▶ **Given records**
********

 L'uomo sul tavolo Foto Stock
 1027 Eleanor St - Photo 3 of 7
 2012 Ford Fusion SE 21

********

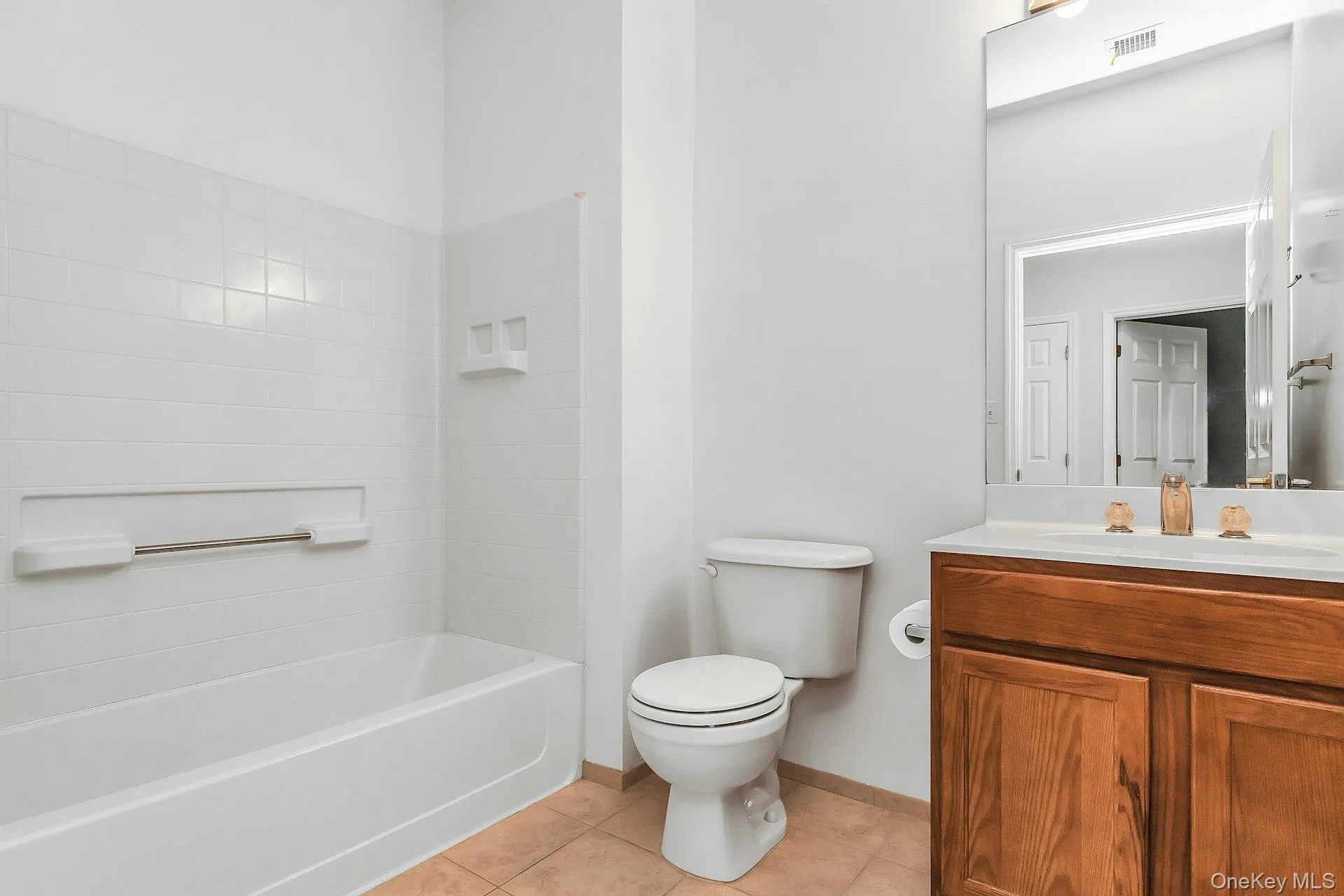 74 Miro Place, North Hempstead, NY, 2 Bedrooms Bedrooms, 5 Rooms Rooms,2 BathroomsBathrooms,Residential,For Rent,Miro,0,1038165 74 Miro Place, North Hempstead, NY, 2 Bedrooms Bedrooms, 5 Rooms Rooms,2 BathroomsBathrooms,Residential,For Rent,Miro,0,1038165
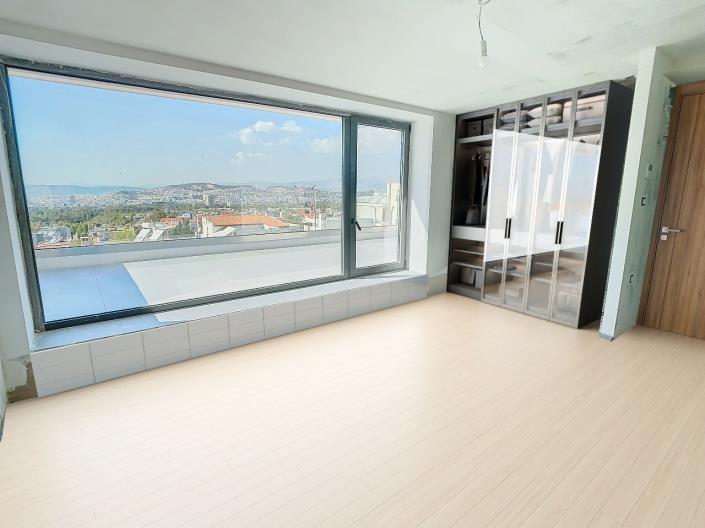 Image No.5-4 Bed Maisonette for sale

********

▶ **Your task**
Please reproduce exactly the lines in the listing above from the one containing "1027 Eleanor St - Photo 3 of 7" through the one containing "2012 Ford Fusion SE 21", both included, and nothing more.

▶ **Your solution**
 1027 Eleanor St - Photo 3 of 7
 2012 Ford Fusion SE 21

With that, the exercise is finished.